これは、週刊玩具通信に掲載された(社)日本玩具協会の1999年度第一回理事会(4/23)の記事の事実関係を、グリーンピース・ジャパンが(社)日本玩具協会に直接確認したもの、及び、6月5日21:00、NHK教育テレビで放送された「サイエンスアイ」の(社)日本玩具協会のコメントに基づく。

グリーンピース・ジャパンではこの一年余り、可塑剤のフタル酸エステル類の分析結果等をもとに厚生省や業界団体に、玩具への塩化ビニル使用廃止を要請し、市民団体、消費者団体とともに集会や、七夕に乳幼児をつれた母親の行進などを行ってきた。
今年の3月には東京おもちゃショー ’99会場のビッグサイトでグリーンピースは「大好き・おもちゃ やめよう! 塩ビ」という横断幕を掲げ、玩具産業界に対して早急な取り組みをもとめた。

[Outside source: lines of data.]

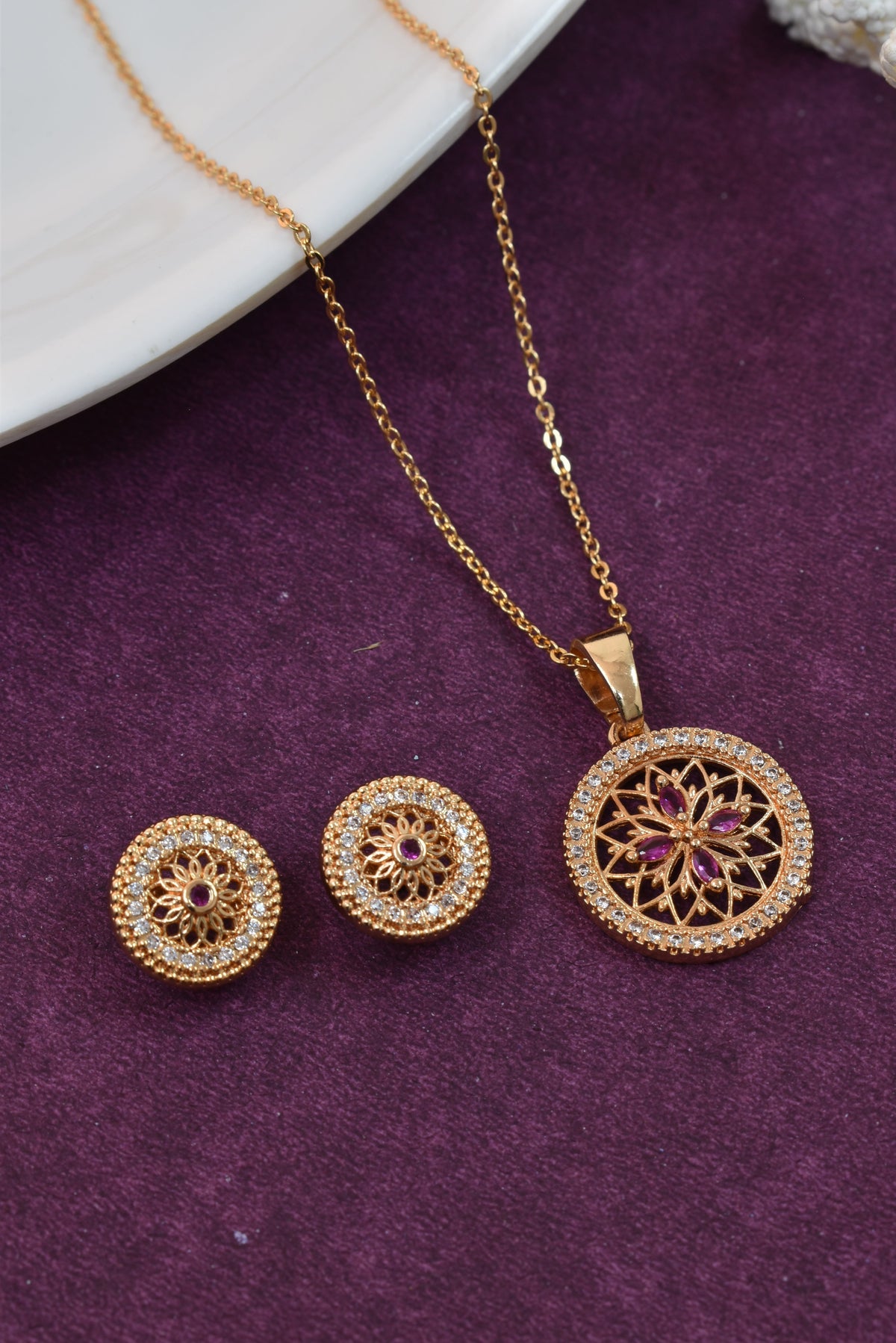 Rose Gold Plated Stone Studded Pendant Necklace with Pink Center Accent for Women, Lightweight Party Jewellery for Festive, Wedding, Evening, Daily Styling with Premium Finish Chain-10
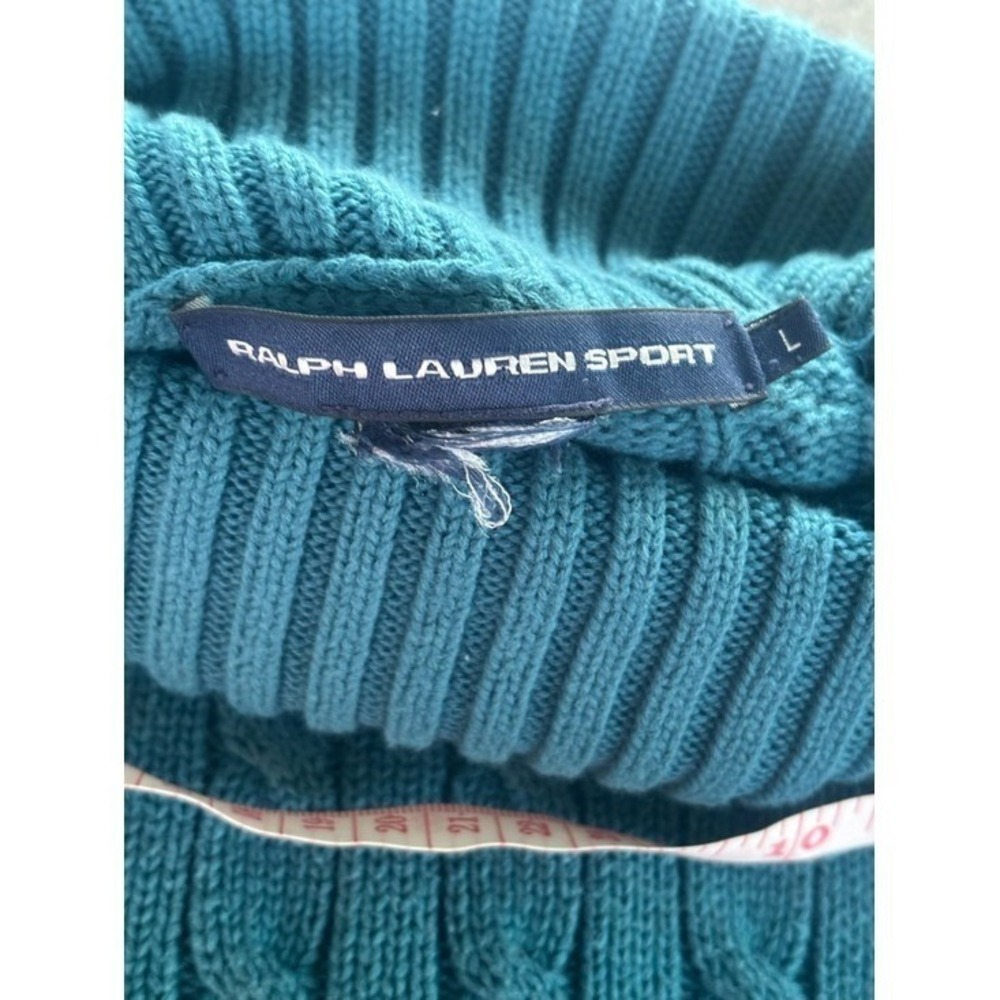Ralph Lauren Sport Teal Turtleneck Sweater-100% Cotton Women's size L Preppy - Picture 6 of 6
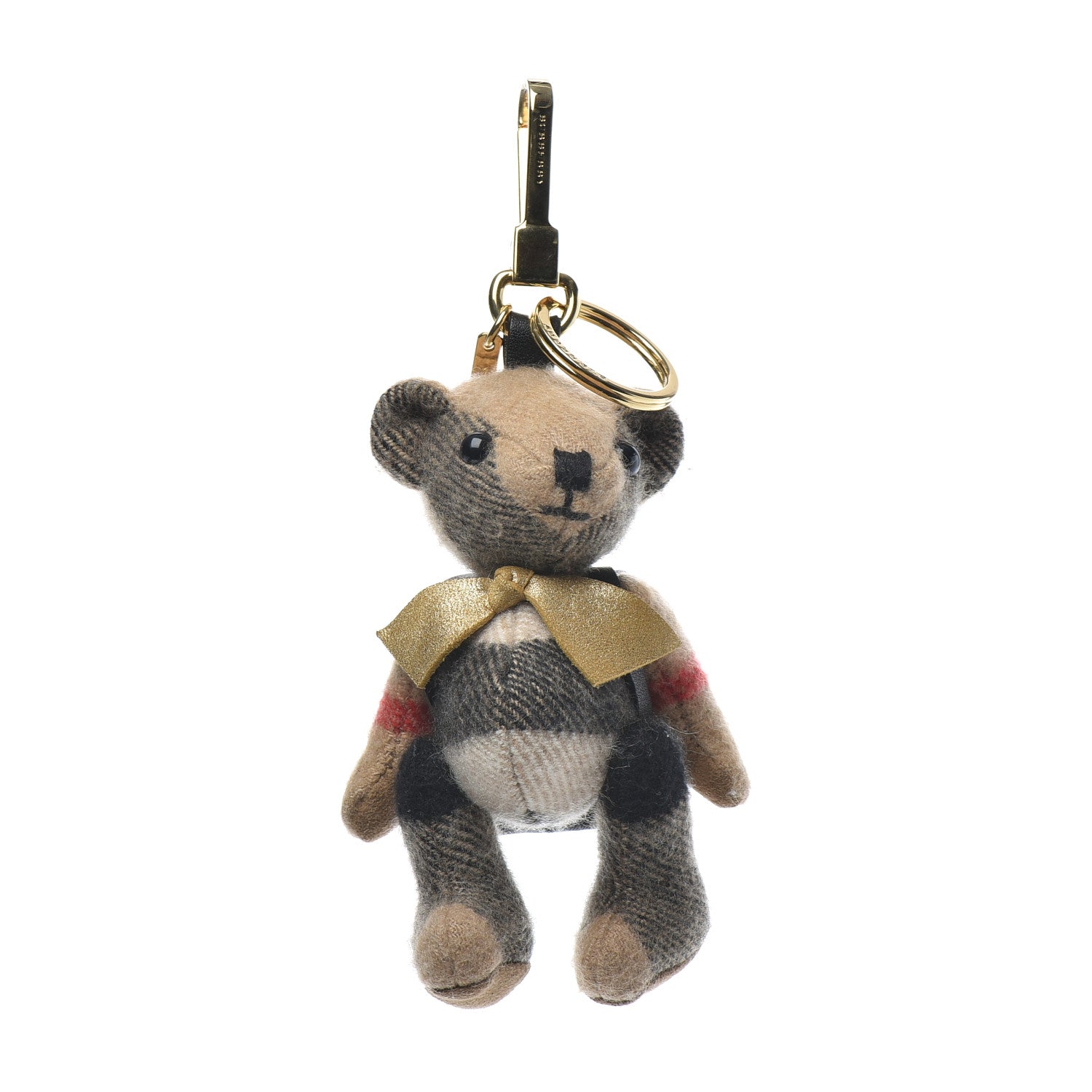 Burberry Cashmere House Check Thomas Rucksack Bear Bag Charm Camel 1 of 3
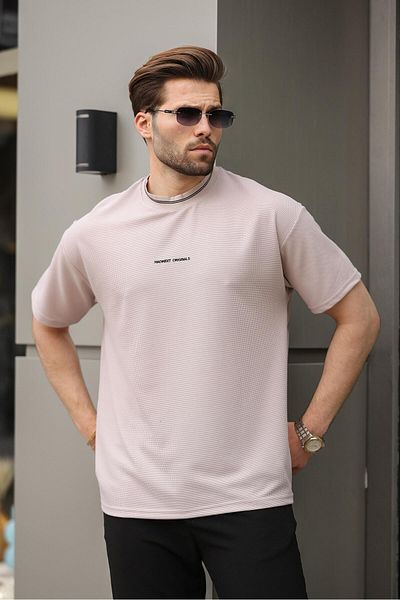 Madmext Μπεζ Κέντημα Λεπτομερές Basic Ανδρικό T-shirt E7106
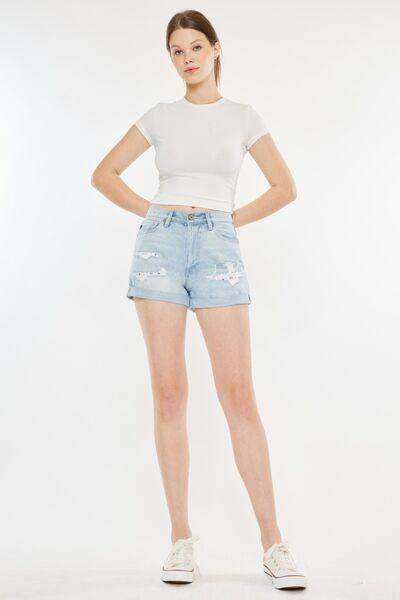 Kancan High Rise Repaired Mom Denim Shorts for Women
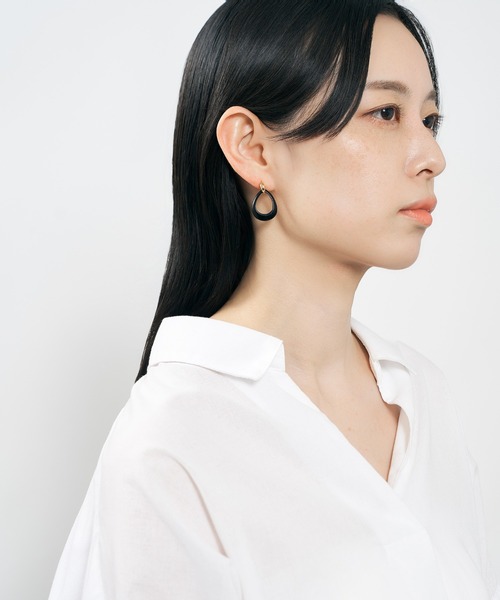ピアス K18 オニキス スイング ピアス レディース メンズの画像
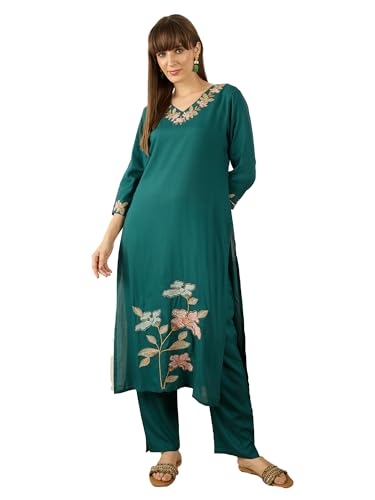 Image of INDO ERA Women's Silk Blend Floral Embroidered Straight Kurta & Pant Set (IESTR12217)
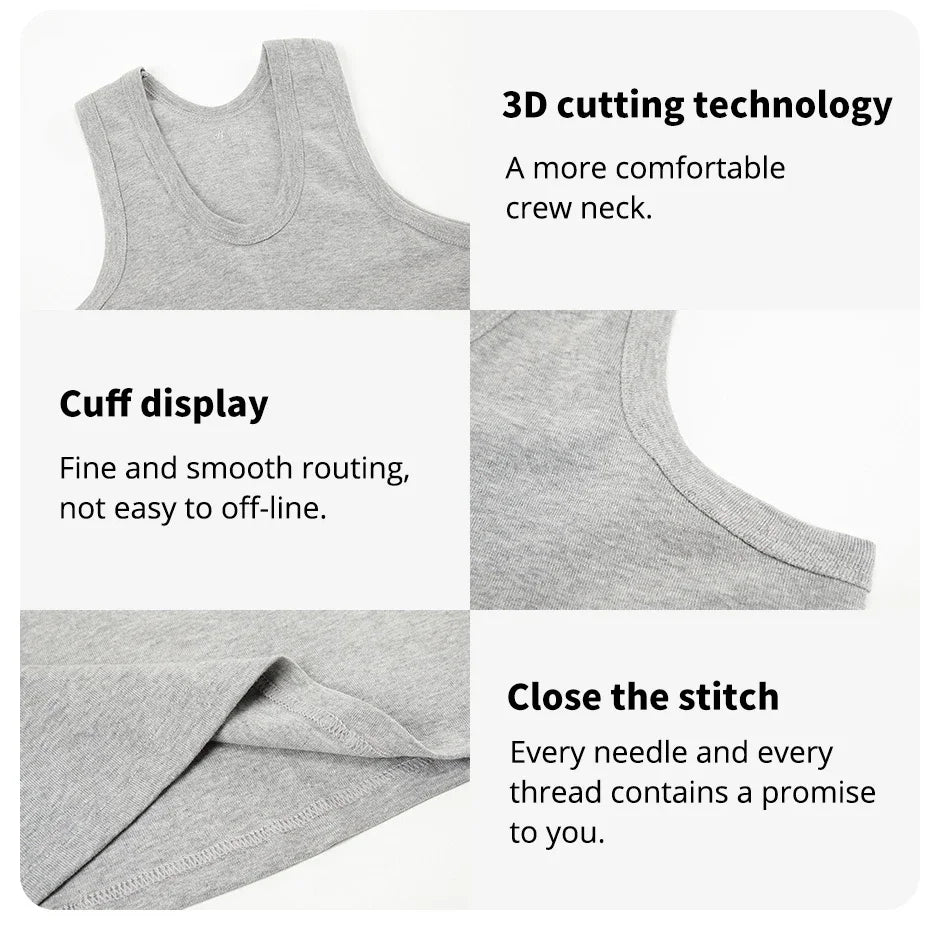 1/3 Piece Men's Tight Sleeveless Cotton Vest With Background Color For Comfortable Exercise And fitness Sleeveless T-shirt With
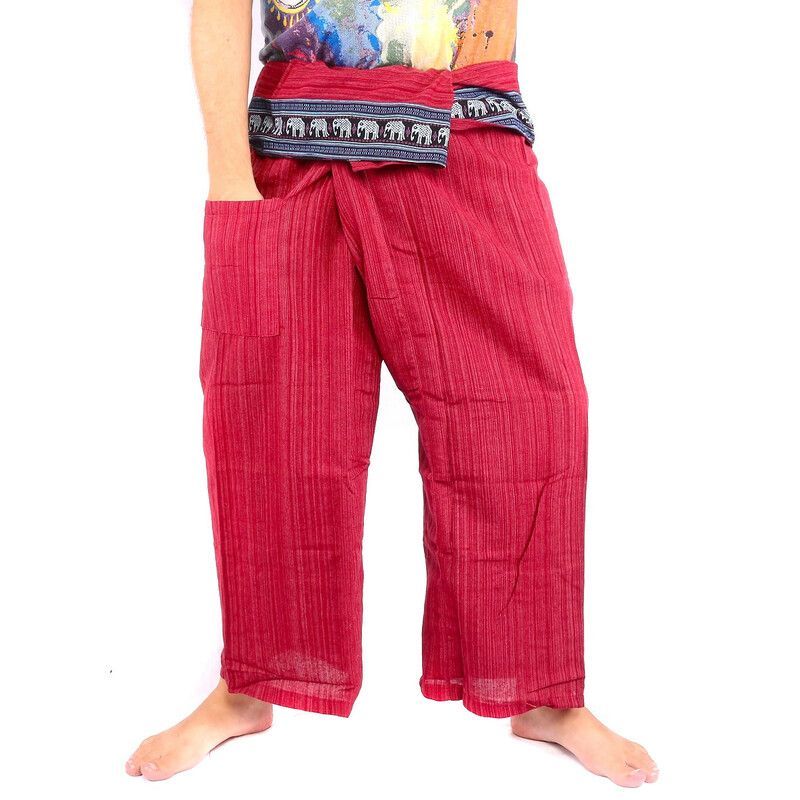 Pantalon de pêcheur thaïlandais avec bordure rouge à motif d'éléphant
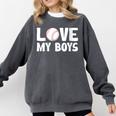 I Love My Boys Baseball Moms Comfort Colors Sweatshirt Pepper I Love My Boys Baseball Moms Comfort Colors Sweatshirt Pepper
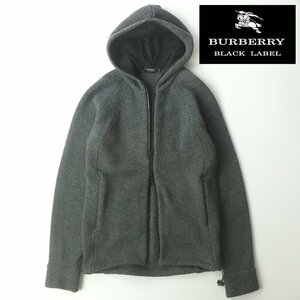 美品 三陽商会 BURBERRY BLACK LABEL バーバリーブラックレーベル ラムウール ニットパーカ カーディガン グレー 2 JP:M ジャケット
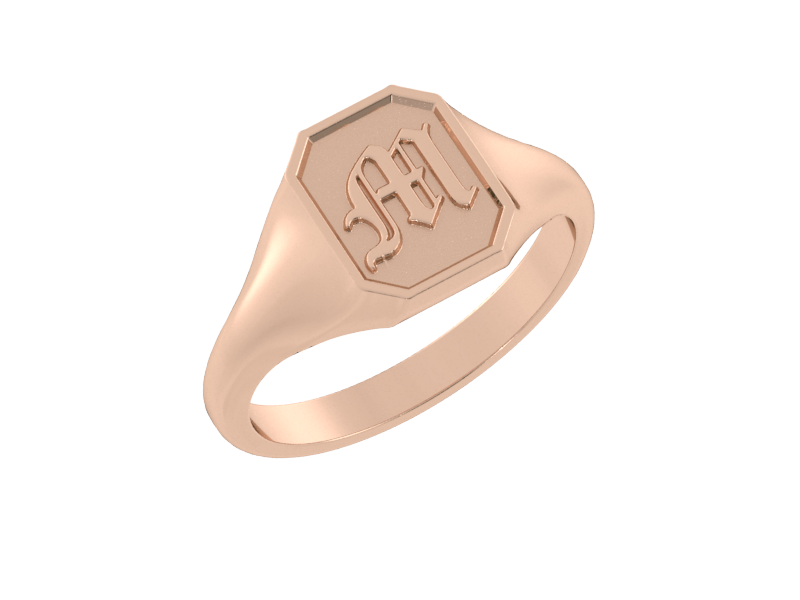 Classic men's signet ring, traditional octagonal face, custom initial in solid 14k rose gold. Heavyweight, heirloom quality personalized gift for men.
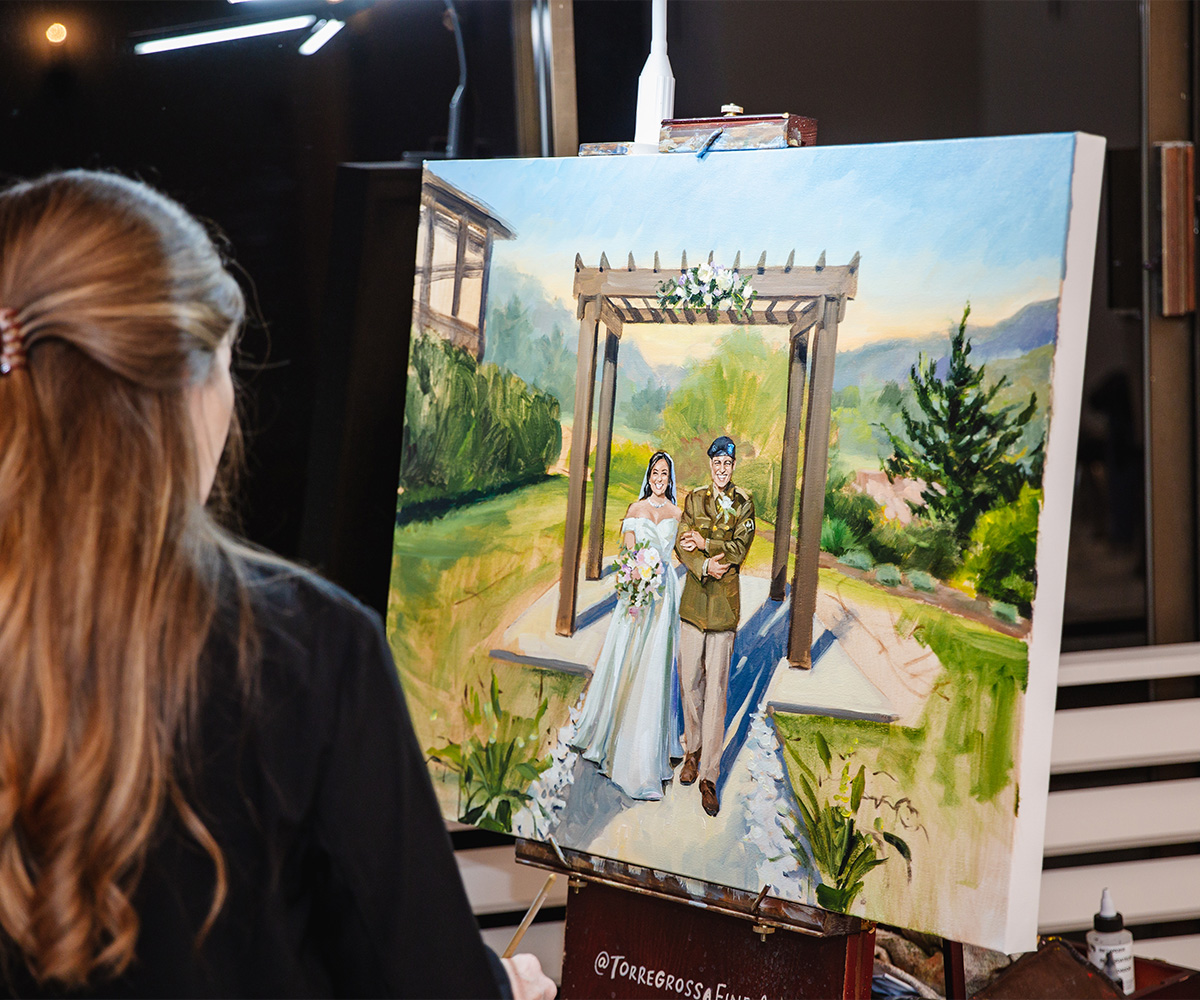 Final product - live painter at Carmel Fields by Wedgewood Weddings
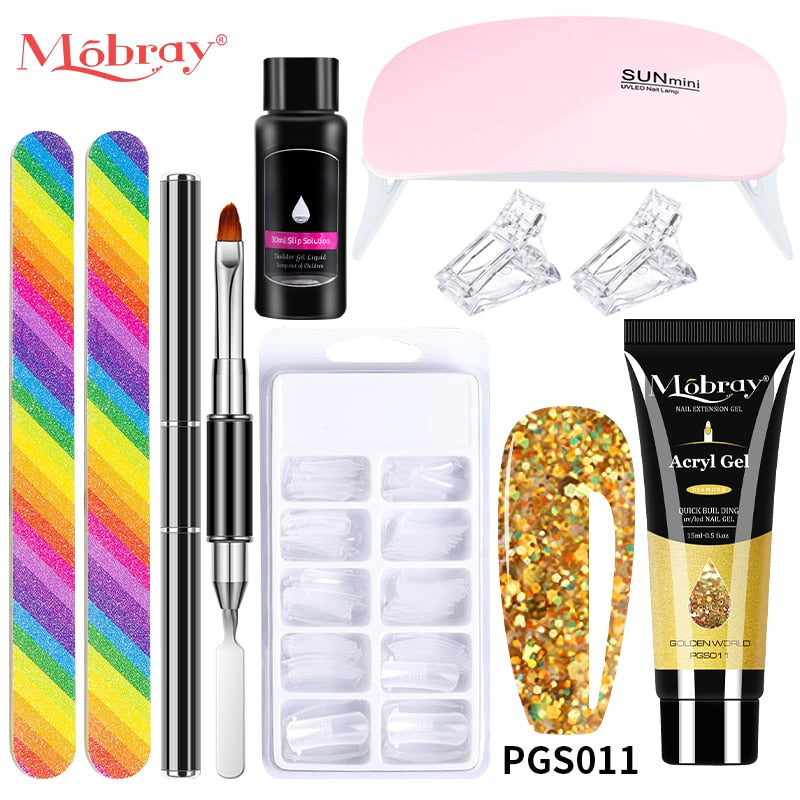 Mobray Poly Nail Gel Set Manicure Set Gel Cuticle Pusher Finger Extend Mold Nail Kit All For Quick Extension Manicure Set 9pcs-set-011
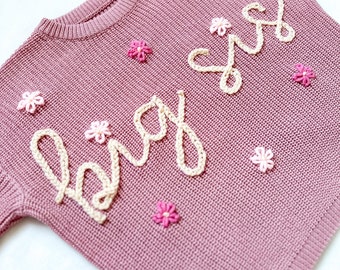 Baby Announcement, Big Sister, Brother Sweaters for Baby and Toddler | Custom Embroidered Design | Perfect Gift Expecting Parents, Fast Ship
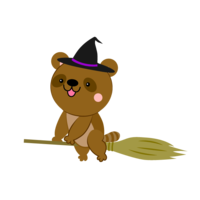 Raccoon dog flying in the sky with a broom
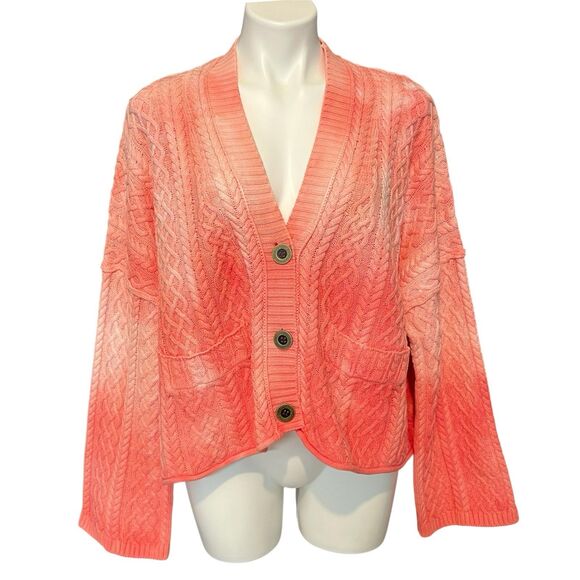 Free People Washed Ashore Red Chunky Knit Cardigan - Picture 1 of 10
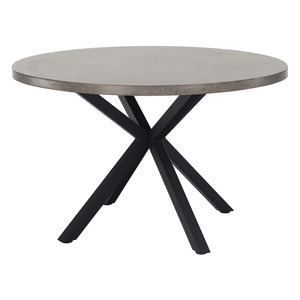 Masa bucatarie DacEnergy, structura din MDF si metal, blatul realizat din MDF, stil industrial, fixa, gri carbon si negru, diametru 120 cm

今回の(社)日本玩具協会の表明は、玩具業界の塩化ビニル問題への対応の一歩としては評価できる。しかしながら、これは可塑剤フタル酸エステル類の代替であり、これは軟質塩化ビニル問題の一部に対処したに過ぎない。過去に米国でおきたように、新たな可塑剤の毒性が後に判明することもあり得る*し、その他の添加剤(ビスフェノールA、鉛化合物など)の問題も残る。
塩化ビニル自体が製造と焼却時にダイオキシンを発生する物質である。塩化ビニルの使用廃止を最終的に達成するべきである。

*:1986年に米国のメーカーは、フタル酸エステルのひとつDEHPが人の健康に有害であるという理由でその使用を止めた。代わって使用されたDINPの毒性(発がん性、内分泌撹乱作用など)が、今日警告されている。


すでに塩ビを一切使用しないことを決め、実行している企業、あるいは塩ビ不使用を目標として努力をしている企業は増えている。グリーンピースは、玩具産業も塩化ビニルの使用の早期廃止へ向けた努力を行うことを求める。

グリーンピースは去る4月16日にデンマークと米国から専門家を招聘し、玩具メーカーを対象にセミナーを行った。米国からの講師ジョエル・ティックナー氏の講演は塩化ビニル代替の可能性について情報提供したもので、グリーンピースは塩化ビニルからの代替を図ろうとする企業へ、今後も引き続き情報提供を行っていく。